Discussion in 'Mac Pro' started by usna92, Oct 31, 2018.

  1. usna92 macrumors member

    usna92

    Joined:
    Mar 16, 2011
    Location:
    Seattle
    #1
    I currently have MP2010 with 2 x 3.33 GHz 6-Core Intel Xeon, 32GB Ram at 1333MHz, and a RX480. I was wondering if there was any value in upgrading any of the major components here CPUs, RAM, or video card. This is mostly a development machine, with some video processing (iMovie) not Final Cut Pro (yet). I am interesting in learning to use photoshop, but not quite there yet. I was looking at what is most likely the limiting resource and I was thinking memory, but being able to determine whether or not you need more memory is difficult. What methods are people using to determine that?
     
  2. AliGT83 macrumors member

    Joined:
    Jul 17, 2018
    #2
    After a day of normal use, open activity monitor, open the memory tab and then at the bottom look for swap used. If it says 0 bytes you never used all of the installed ram. If the value is higher I would consider start adding ram or at leasts fast SSDs on a pcie adapter so the penalty for swapping is less noticeable.
     
  3. pl1984 macrumors 68020

    Joined:
    Oct 31, 2017
    #3
    I'm in agreement with AliGT83 with one exception. I would recommend opening Activity Monitor while you're performing your work. You want to look at the memory pressure section. It's fairly intuitive in what it's telling you but if you need assistance with interpretation just ask.

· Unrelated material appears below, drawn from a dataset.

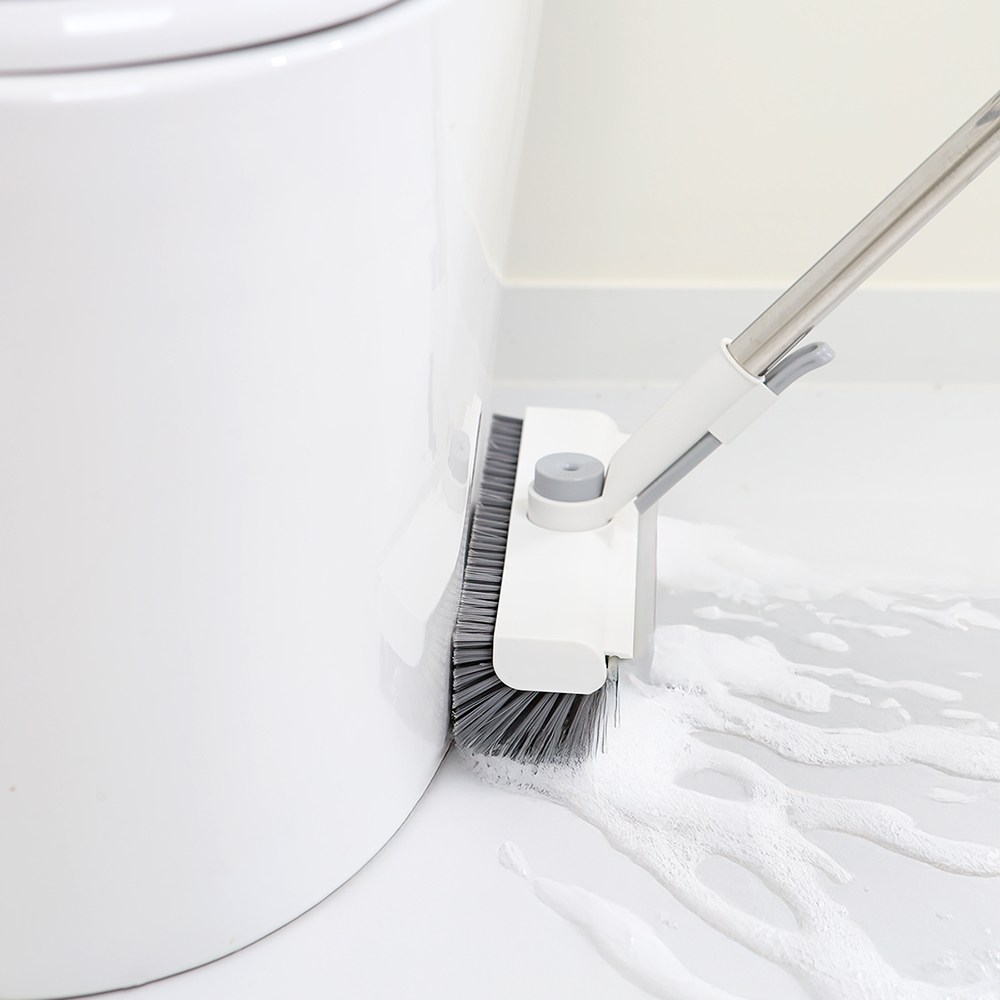 크린리빙 욕실청소 멀티 브러쉬 스퀴지 청소솔+무타공 홀더 세트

    I noticed you did not mention an SSD. I would recommend installing one, even if it's a SATA SSD in one of the Mac Pro's standard hard drive slots. Development involves a lot of random disk I/O and an SSD should make a noticeable difference in your compile times (as well as other areas). Activity Monitor can also help you with disk usage.
     
  4. kohlson macrumors 68000

    Joined:
    Apr 23, 2010
    #4
    What @pl1984 said. SSD for sure. Unless you are working with lots of VMs, or very large images, it's unlikely more RAM will help. But Activity Monitor will show you. But if you hit swap with a spinning disk, you'll know it. Since SSDs are very resistant to shock and vibration, just install it in the lower optical bay - no need to attach it to anything other then the SATA cable.
    Note that 10.14.1 has support for NVMe drives (much faster SSDs on the PCIe bus). There's a separate thread in the Mac Pro forum on this.
    If you're doing any external disk read/writes, consider a USB3 card. They're cheap, too. Also a separate, sticky thread on that.
     
  5. orph macrumors 68000

    orph

    Joined:
    Dec 12, 2005
    Location:
    UK
    #5
    yep just like AliGT83 says keep activity monitor open, check it now and agen and see if you have large number's in "swap used"
    Screen Shot 2018-11-01 at 12.37.54 pm.png
    only thing id add is small amounts of "swap used" is ok but large numbers are bad, also if you can check it as you do tasks you may want to be faster to see what is going on, if your working and it's slow check activity monitor and see whats maxed out.
    Screen Shot 2018-10-12 at 4.44.49 pm.png
    thats an example of me exporting video, you can see the GPU is about 40% used and the CPU is hitting about ~700% (the app has two main processes going each using about 350% ie 3.5 cores so 700% total) which means it's CPU limited not GPU limited ram use is low only ~4GB live ram for the program/processes but id gess more cached in ram.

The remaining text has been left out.